- **WHAT THIS TASK INVOLVES**: Transcribe exactly the lines from the one containing "Bilbao Place في" through the end of the data, both included. Leave out pictures.

- **STORED DATA**:
-- Opening Marker --

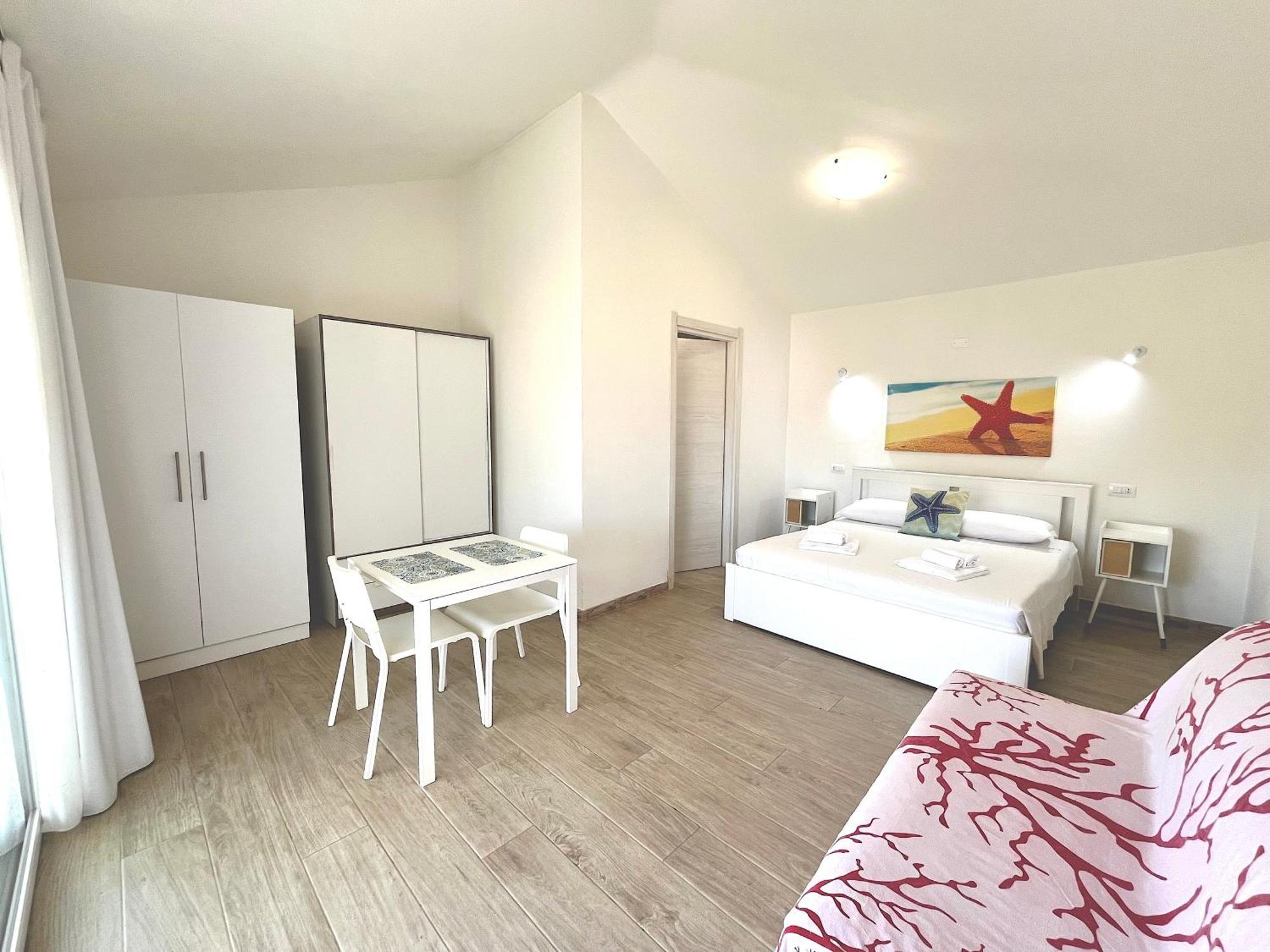Case Vacanze "Bianco Mare" Porto Pino Ngoại thất bức ảnh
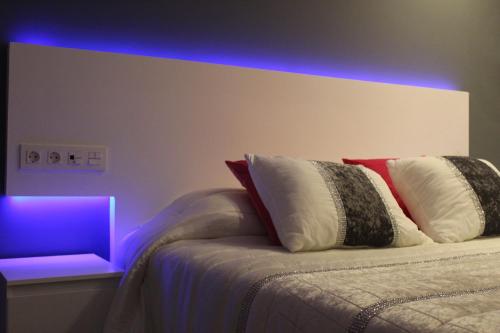 Bilbao Place في بلباو: غرفة نوم مع سرير مع ضوء أرجواني عليه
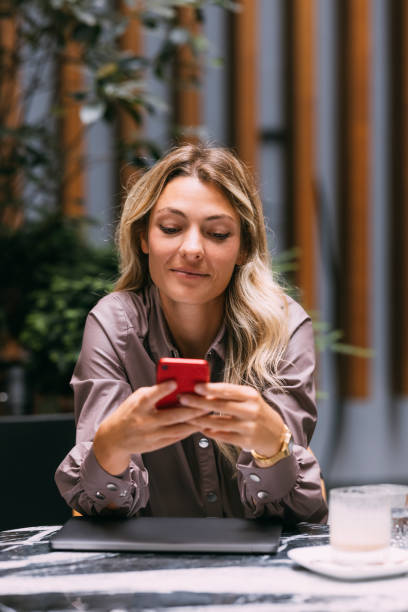 istock Happy Businesswoman Using Mobile Phone in a Cafe 1346787119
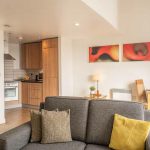 Open plan kitchen and lounge in one bedroom penthouse apartment at PREMIER SUITES Liverpool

-- Closing Marker --

- **OUTPUT OF THE EXERCISE**:
 Bilbao Place في بلباو: غرفة نوم مع سرير مع ضوء أرجواني عليه
 istock Happy Businesswoman Using Mobile Phone in a Cafe 1346787119
 Open plan kitchen and lounge in one bedroom penthouse apartment at PREMIER SUITES Liverpool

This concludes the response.